DRURY LANE DRAMA RECONSTRUCTED.
It is many months now since it was first announced that the Famous Players-Lasky British Producers, Limited, a British concern working in close contact with the American company which has done so much for the development of the film industry, had acquired premises for a studio at Islington. A sumptuous studio, which was claimed to be as well equipped as its American rivals, was erected, replete with all kinds of appliances which would make the work of the producer easier, and under such happy auspices work was begun on two films, one, The Call of Youth, written for the occasion by Mr. Henry Arthur Jones; the other a film version of the Drury Lane melodrama, The Great Day. We prefer to deal with the latter first, because it is in every way the more ambitious production, and because, in our opinion, it is the more disappointing of the two.

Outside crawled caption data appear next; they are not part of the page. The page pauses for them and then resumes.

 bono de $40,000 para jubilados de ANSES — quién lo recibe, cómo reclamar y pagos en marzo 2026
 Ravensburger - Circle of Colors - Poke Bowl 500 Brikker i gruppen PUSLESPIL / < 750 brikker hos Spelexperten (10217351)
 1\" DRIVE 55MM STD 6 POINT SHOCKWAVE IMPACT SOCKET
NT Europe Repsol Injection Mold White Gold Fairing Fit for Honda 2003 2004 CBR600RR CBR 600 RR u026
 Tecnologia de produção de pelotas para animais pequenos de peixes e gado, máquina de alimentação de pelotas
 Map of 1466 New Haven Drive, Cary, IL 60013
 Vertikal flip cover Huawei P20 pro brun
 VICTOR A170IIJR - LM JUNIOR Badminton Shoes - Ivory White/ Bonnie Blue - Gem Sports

We have rarely seen a film produced either in this country or in the United States whit has been more full of missed opportunities. The great drawback seems to be that the producer has tried to reconstruct a Drury Lane drama without the necessary facilities at his back. Playgoers will remember that in The Great Day there was a succession of big spectacles, and, comparing the play with the film. Mr. Arthur Collins wins every time. The film will go out to the public as having been built up from a Drury Lane drama, and the public will accordingly expect a big spectacular production, but they will not find it. There are certainly some effective scenes, taken in a real Sheffield steel works, but Mr. Collins's make-believe was more dramatic, though in this case the fault may be partly with the writer of the scenario. In the play there was a thrilling interruption as the hero was about to turn the tap to release a stream of molten steel, and the situation was only saved by the heroine, with fine dramatic gesture, bidding her lover to "carry on." On the screen all this effect is lost, and all that happens is that the hero turns on the tap and is congratulated by a number of top-hatted gentlemen. In the play, moreover, great stress was laid on a strike at the works and a raid by the starving workers on the banqueting hall of the proprietor of the steel works. This is entirely eliminated from the film.

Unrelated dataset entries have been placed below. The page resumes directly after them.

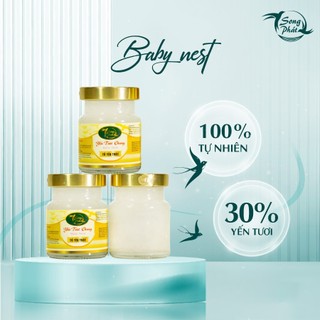 COMBO 6 hũ Yến sào BABY NEST Song Phát bổ sung dưỡng chất cho trẻ nhỏ, giúp trẻ ăn ngon, tiêu hóa tốt 70ml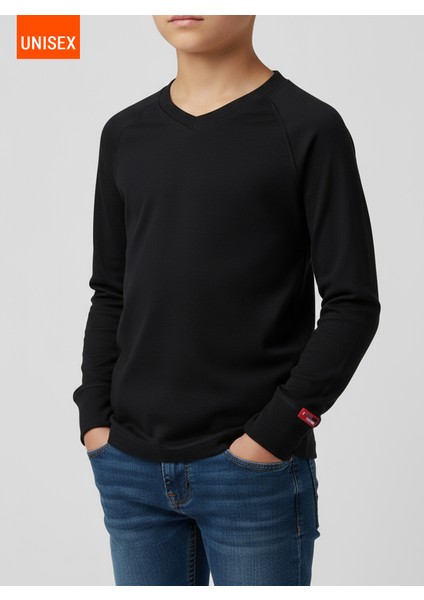 Çocuk Termal Tişört 2. Seviye 9248 - Siyah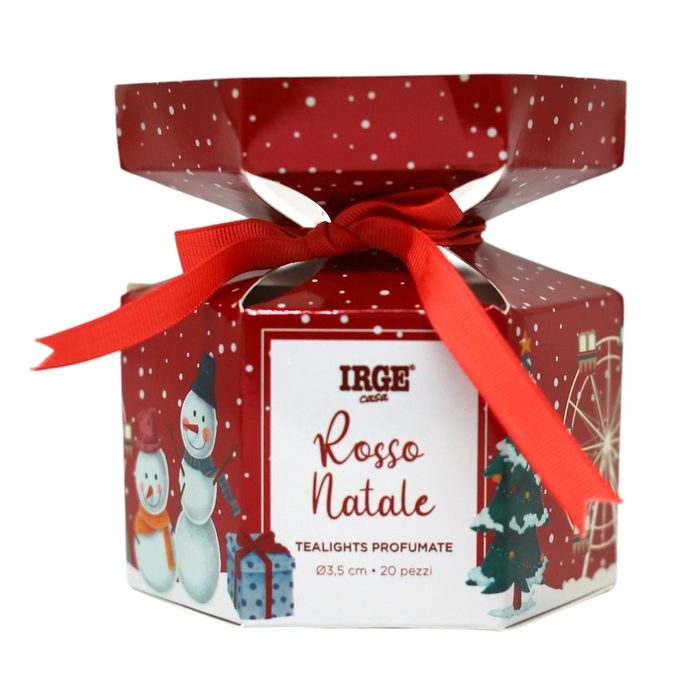 Набір "Цукерка" чайних свічок Irge Christmas Rosso Natale 20×10 г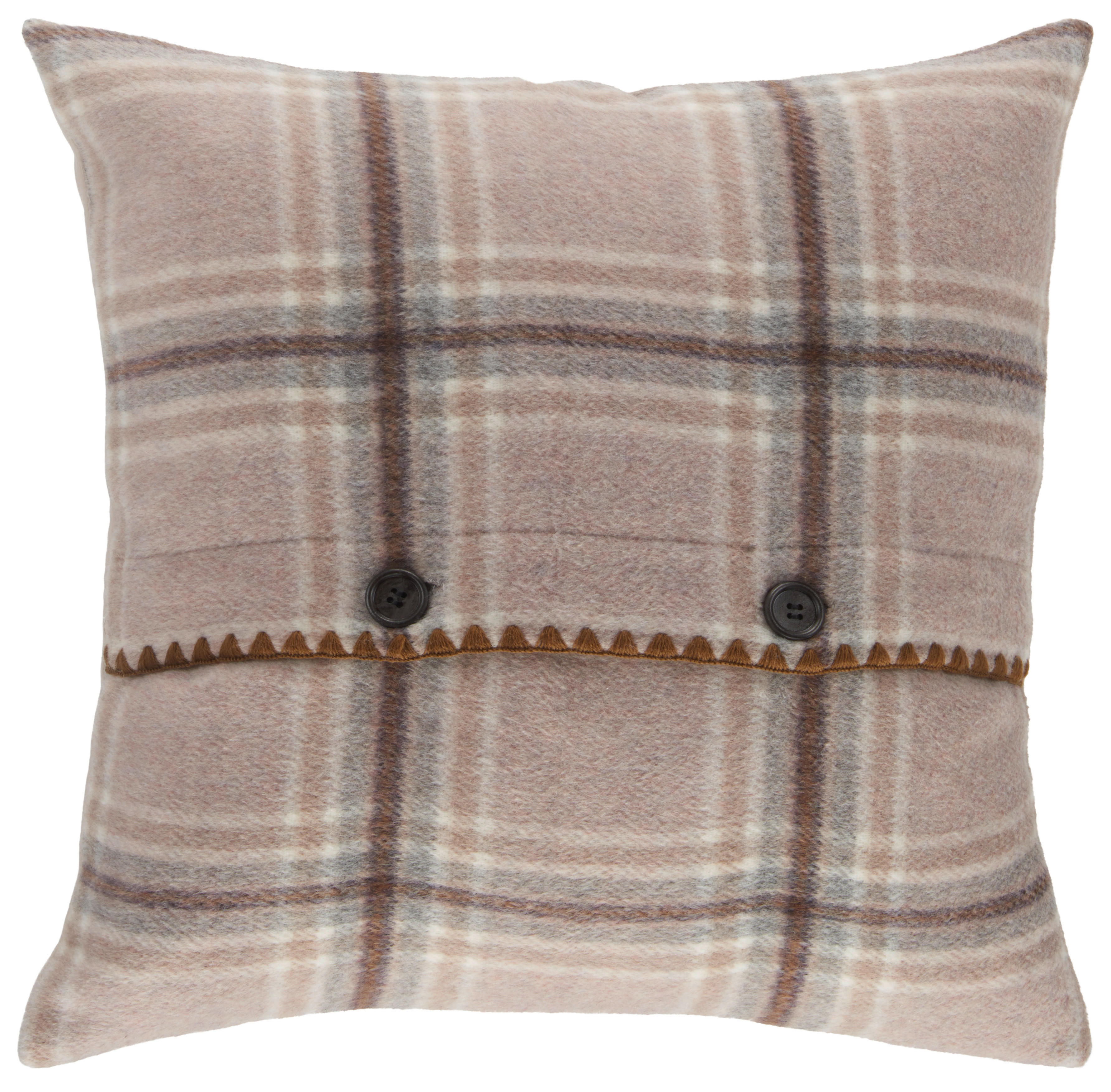 ZIERKISSEN  45/45 cm   - Taupe, Basics (45/45cm) - X-Mas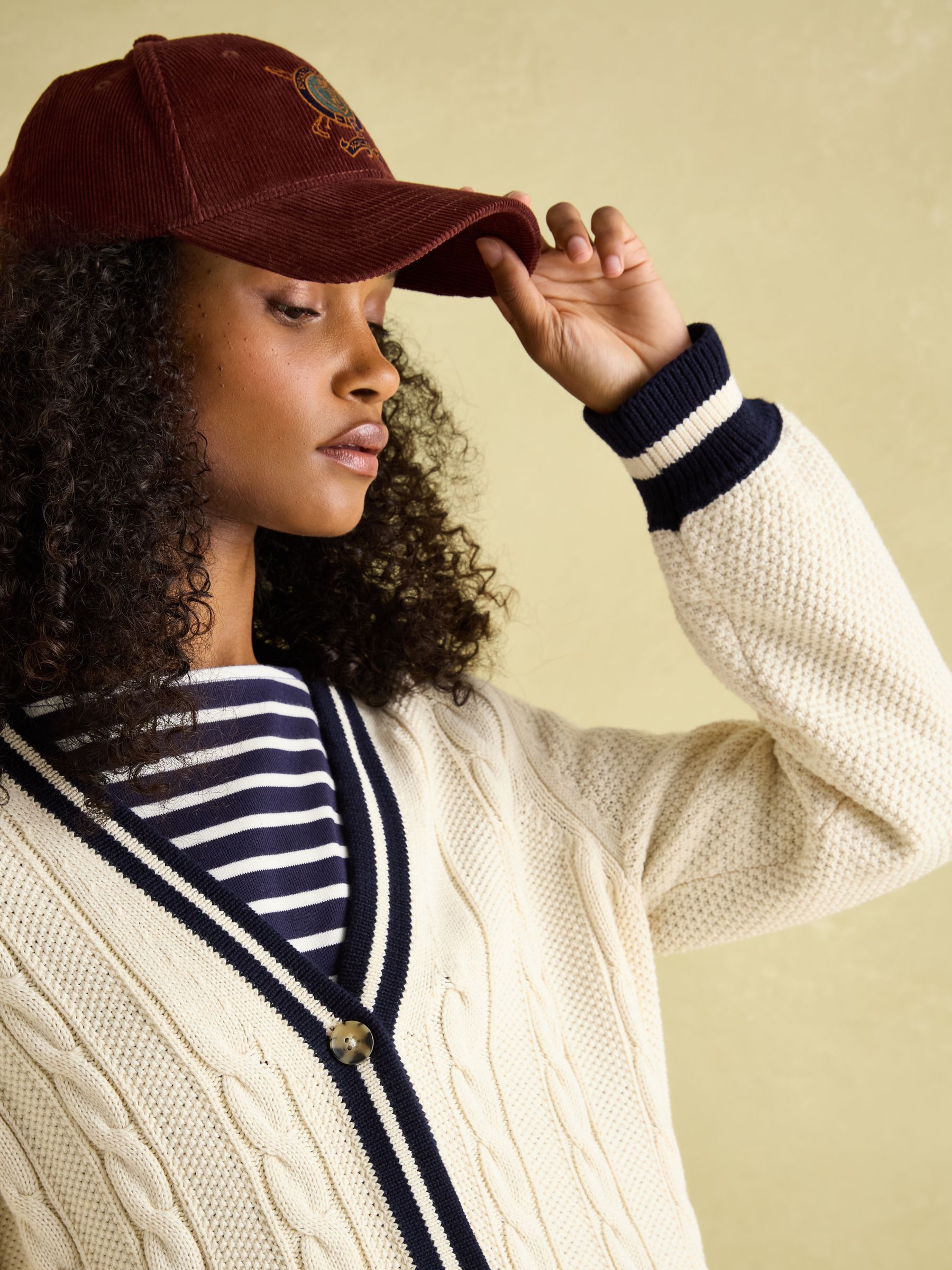 Longline cable cardigan deals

But the great spectacular effect of the play was the scene in an underground cafe in Paris, which is suddenly submerged when the Seine bursts its banks. Here, at any rate, one thought, there would be an opportunity for the film studio, which is equipped with a wonderful tank, to show how dangerous a rival it could be to Mr. Collins. But in the film the whole idea is changed. The Seine never overflows, and all one sees, after a rough and tumble fight, is two of the characters falling into it sewer from which they are rescued without any great difficulty. In the play the climax came in London on Peace Day with cheering crowds in St. James's Park and realistic rockets hurtling in the air. In the film the Peace Day idea is never suggested, the drama works out to its legitimate conclusion without any spectacular effect, and the audience will probably be left wondering as to the special significance of the title The Great Day, which in the play was obvious.

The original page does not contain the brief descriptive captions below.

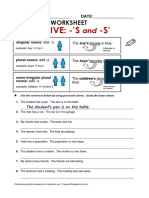 Atg Worksheet Possessive s s1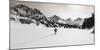 Backcountry Skier, John Muir Wilderness, Sierra Nevada Mountains, California, Usa-Russ Bishop-Mounted Photographic Print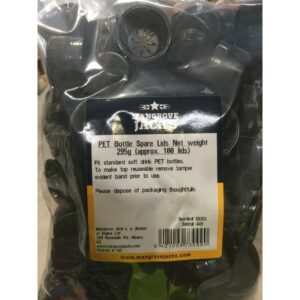 Mangrove Jack's PET Spare lids  (pack of 100)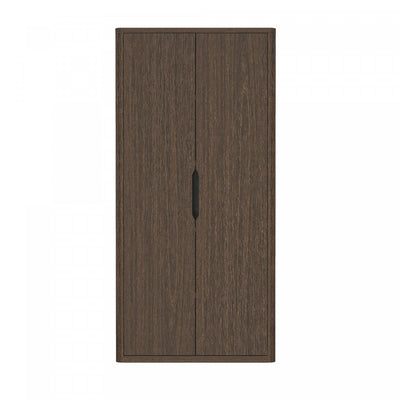 Rivington Modern 38" Bookcase Cabinet in Walnut | Armoire bibliotheque moderne Rivington 38" en noyer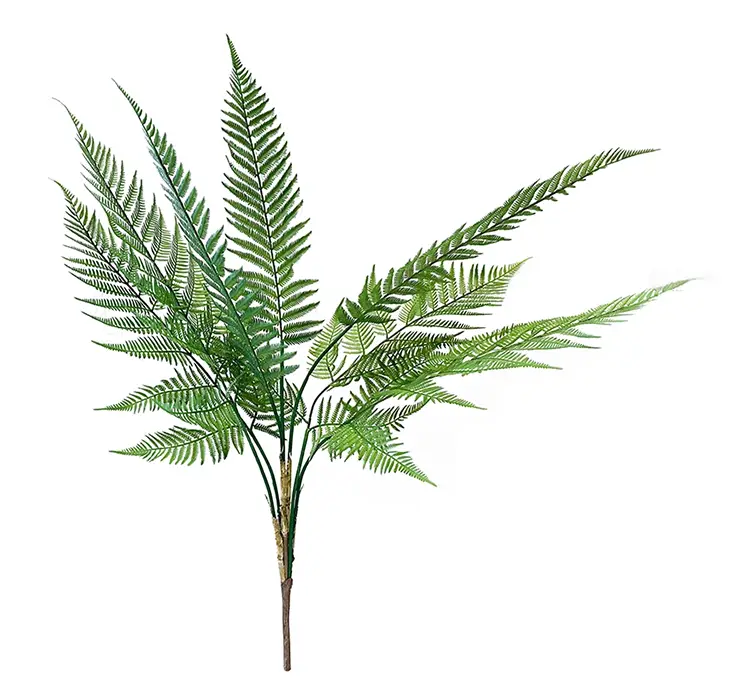 Bregne på stilk kunstig plante af plast i grøn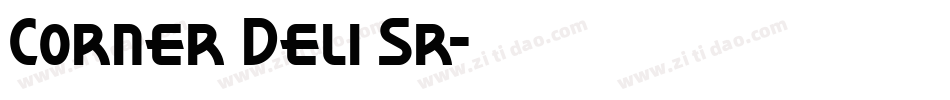 Corner Deli Sr字体转换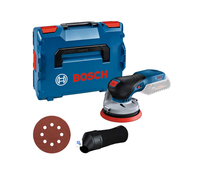 Bosch GEX 18V-125 Professional Ponceuse orbitale aléatoire 10000 tr/min 20000 OPM Noir, Bleu, Gris, Rouge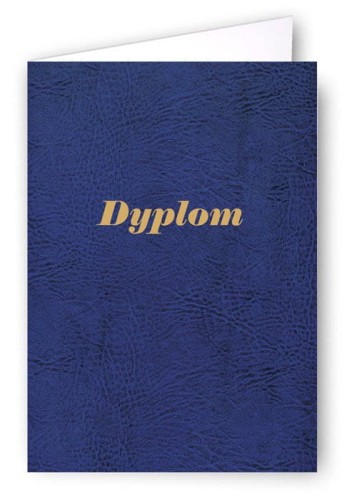 Dyplom - Okładka Quasi "złocona skóropodobna" z kartonu DB008 - kolor granatowy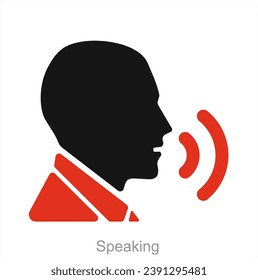Speaking and say icon concept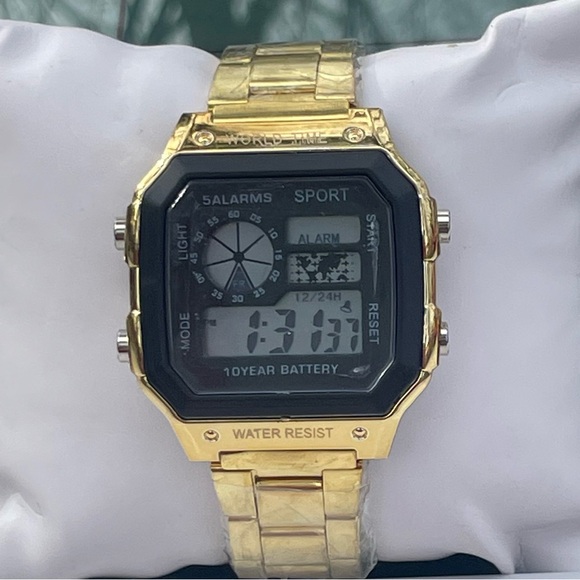 Rose Gold + Gold Digital Watch Set – Stylish Dual Watch Combo - Picture 2 of 3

The authorities at Drury Lane can sleep peacefully in their beds. Obviously they can do this kind of thing much more effectively than the film producer. In some respects the acting of the film is quite good. There is a particularly fine piece of work by Mr. Geoffrey Kerr as the soldier who loses his memory, while Miss Meggie Albanesi, though hopelessly miscast as the villainess, gives an entirely charming performance. Mr. Bouchier, who plays the part of the steel magnate, will never be a really good film actor until he learns the value of repose. He plays too directly to the camera, which would not matter very much if he did not now and again exaggerate his facial expressions.
"THE CALL OF YOUTH."
We believe that Mr. Henry Arthur Jones has written The Call of Youth especially for the screen, and, if so, it is an interesting proof that the dramatist is at last beginning to realize that the screen may have much in store for him if he cares to make full use of the new method of interpretation of his ideas. Very wisely, he has evolved quite a simple story of the girl who really loves a young man but gives her hand to an older suitor in the belief that it will help her parents out of a very difficult financial situation. On the morning of her marriage, however, the girl realizes that the call of youth is too strong, and she visits her prospective husband's rooms, begs to be released from her promise, and proves once again the truth of the old superstition that it is unlucky to meet your bride on the day of the wedding until she reaches the altar. With extraordinary magnanimity he releases her, takes the blame on himself, and promptly sets out to the other end of the world to bring youth together. He succeeds in his quest; but frankly we think most of the sympathy will be for middle age, particularly when it is so charmingly interpreted as it is by Mr. Malcolm Cherry. His performance is full of sympathetic touches, which show him to be as good an actor on the screen as on the stage and he receives excellent support front Miss Mary Glynne and Mr. Jack Hobbs as the representatives of the younger generation. The Call of Youth should tempt Mr. Henry Arthur Jones to try his hand again, and if it induces other playwrights to follow his example, so much the better.